--- How to complete this task ---
Return the records exactly, please. Every line should match.

--- Information shown ---
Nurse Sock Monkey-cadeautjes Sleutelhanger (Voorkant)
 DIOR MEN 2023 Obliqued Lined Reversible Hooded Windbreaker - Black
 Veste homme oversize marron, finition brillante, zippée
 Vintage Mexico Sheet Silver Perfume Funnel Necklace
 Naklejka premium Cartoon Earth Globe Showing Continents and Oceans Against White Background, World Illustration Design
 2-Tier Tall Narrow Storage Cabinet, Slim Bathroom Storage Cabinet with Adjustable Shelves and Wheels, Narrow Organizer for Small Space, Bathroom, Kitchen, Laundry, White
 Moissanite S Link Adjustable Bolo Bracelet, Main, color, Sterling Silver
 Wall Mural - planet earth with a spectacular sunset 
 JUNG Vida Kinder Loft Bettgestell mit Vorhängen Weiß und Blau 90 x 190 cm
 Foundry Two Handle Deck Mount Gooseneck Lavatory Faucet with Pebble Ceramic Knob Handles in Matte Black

--- Answer box ---
Nurse Sock Monkey-cadeautjes Sleutelhanger (Voorkant)
 DIOR MEN 2023 Obliqued Lined Reversible Hooded Windbreaker - Black
 Veste homme oversize marron, finition brillante, zippée
 Vintage Mexico Sheet Silver Perfume Funnel Necklace
 Naklejka premium Cartoon Earth Globe Showing Continents and Oceans Against White Background, World Illustration Design
 2-Tier Tall Narrow Storage Cabinet, Slim Bathroom Storage Cabinet with Adjustable Shelves and Wheels, Narrow Organizer for Small Space, Bathroom, Kitchen, Laundry, White
 Moissanite S Link Adjustable Bolo Bracelet, Main, color, Sterling Silver
 Wall Mural - planet earth with a spectacular sunset 
 JUNG Vida Kinder Loft Bettgestell mit Vorhängen Weiß und Blau 90 x 190 cm
 Foundry Two Handle Deck Mount Gooseneck Lavatory Faucet with Pebble Ceramic Knob Handles in Matte Black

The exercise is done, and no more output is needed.